Canais extraoficiais de comunicação
No bojo do mesmo processo também prestaram depoimento os delegados Igor Romário de Paula e Luciano Flores de Lima. Eles, segundo os advogados de Lula, apesar de alguns momentos de
 "curiosa amnésia", confirmaram o uso de canais extraoficiais entra membros da PF e do Ministério Público Federal, como o aplicativo de mensagens Telegram.

Inquirido por um juiz federal, Romário de Paula inicialmente negou a existência de canais extraoficiais de comunicação, mas acabou confirmando em seguida. Veja o trecho em que ele admite o uso de aplicativos de mensagens:

"Agora, quando eu digo que a comunicação podia ser feita pelo telefone, por aplicativo de mensagem, é, não tô me referindo necessariamente a comunicações oficiais, assim, oficiais, digo que contatos que tenham, sejam necessários emergenciais. É, agora, medidas que precisam ser adotadas, é, nos procedimentos, enfim, quando se exige uma comunicação oficial, o cumprimento de uma ordem, ordem de diligência, isso sim, isso é feito através do eproc".

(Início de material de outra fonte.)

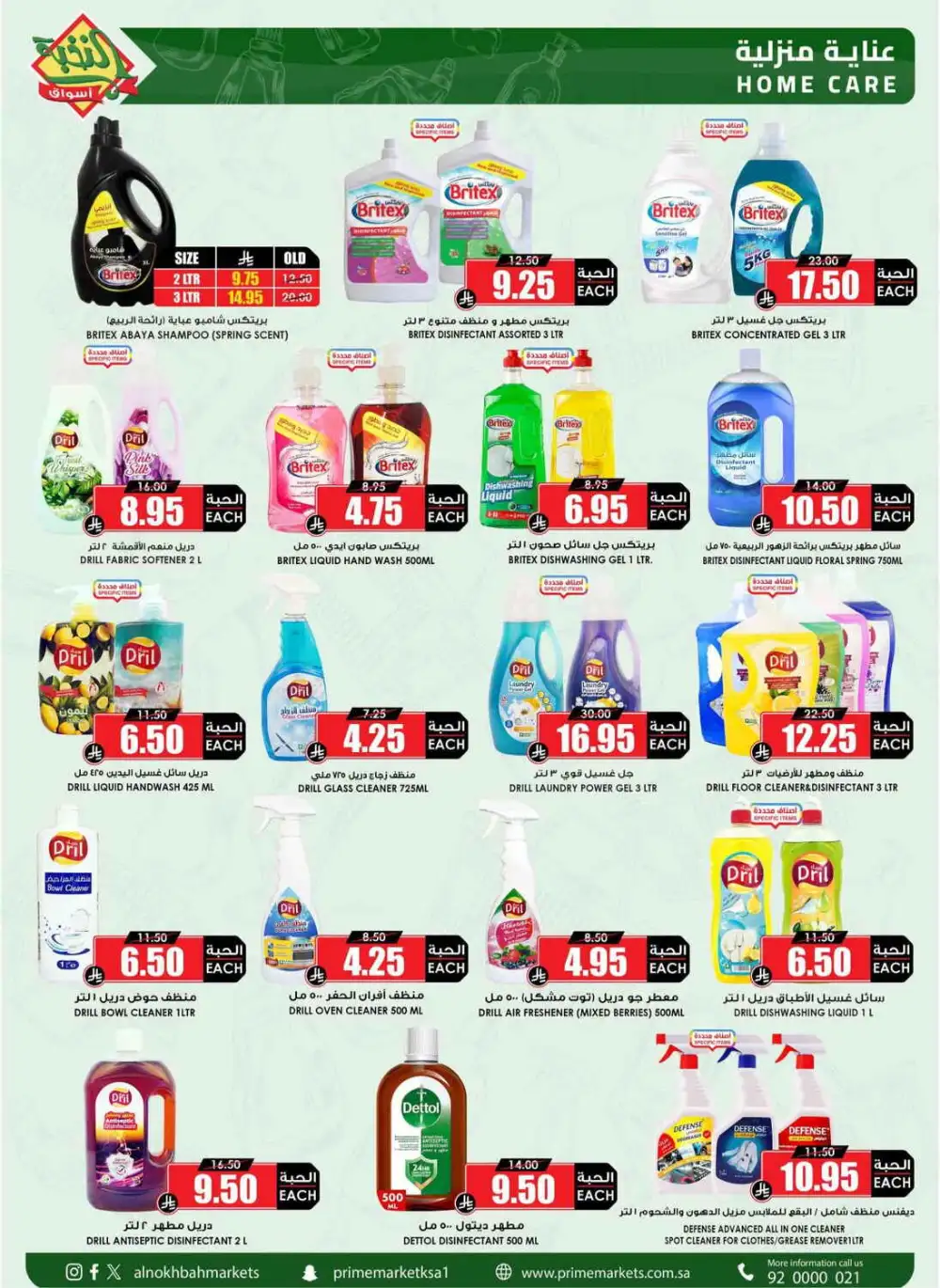 Al Nokhbah Markets Saudi Arabia Offers Today | View Deals page 45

Os contatos por WhatsApp e Telegram entre autoridades da PF e membros do MPF também são confirmados pelo delegado Luciano Flores. Leia abaixo trecho do depoimento:

"Sim, se dependendo do, do tipo de contato, por exemplo, para, é, combinar uma audiência, uma reunião na sede do Ministério Público, ou na sede da Polícia Federal para tratar, por exemplo, é, tá me fugindo aqui algum exemplo que eu podia dar, mas vamos tratar de uma reunião é, que de repente seria necessária envolver os procuradores e a equipe de investigação, sobre, sei lá, é, o resultado da fase que acabou de ser executada envolvendo a fase x da operação "lava jato". É esse tipo de coisa."

Ele também afirma que não dispõe mais dos arquivos das trocas de mensagens por ter trocado de aparelho telefônico.

Cooperação internacional clandestina
O delegado Igor Romário de Paula também confirmou que teve conhecimento de uma reunião entre autoridades norte-americanas e procuradores do consórcio de Curitiba. Leia o trecho em que ele confirma a existência do encontro:

"Eu soube que houve reunião de autoridades americanas com o Ministério Público Federal, mas, à época, mas não saberia lhe dizer que autoridades e que agências representavam à época. E, depois disso, só o que eu tive conhecimento, é pela imprensa, mas que houve reunião em Curitiba com autoridades americanas eu tive conhecimento que houve sim."

As conversas hackeadas entre procuradores mostraram que foi feita uma reunião irregular em outubro de 2015 entre procuradores da "lava jato" e 17 agentes e autoridades norte-americanos à sede do MPF em Curitiba. Entre eles estavam procuradores ligados ao Departamento de Justiça (DoJ) dos EUA e agentes do FBI. 

De acordo com as conversas, divulgadas pelo Intercept, a "lava jato" não informou os encontros para o governo brasileiro, então chefiado pela presidente Dilma Rousseff, realizados para cooperar com as autoridades dos Estados Unidos. 

Na reclamação, a defesa do ex-presidente Lula elenca os novos fatos e relembra os já anteriormente apontados para justificar o pedido de trancamento integral da ação penal relativa a investigação sobre a compra de terreno para uma nova sede do Instituto Lula. O ex-presidente é representado pelos advogados Cristiano Zanin, Valeska Teixeira Martins, Maria de Lourdes Lopes, Eliakin Tatsuo Y.P. dos Santos e Guilherme Queiroz Gonçalves.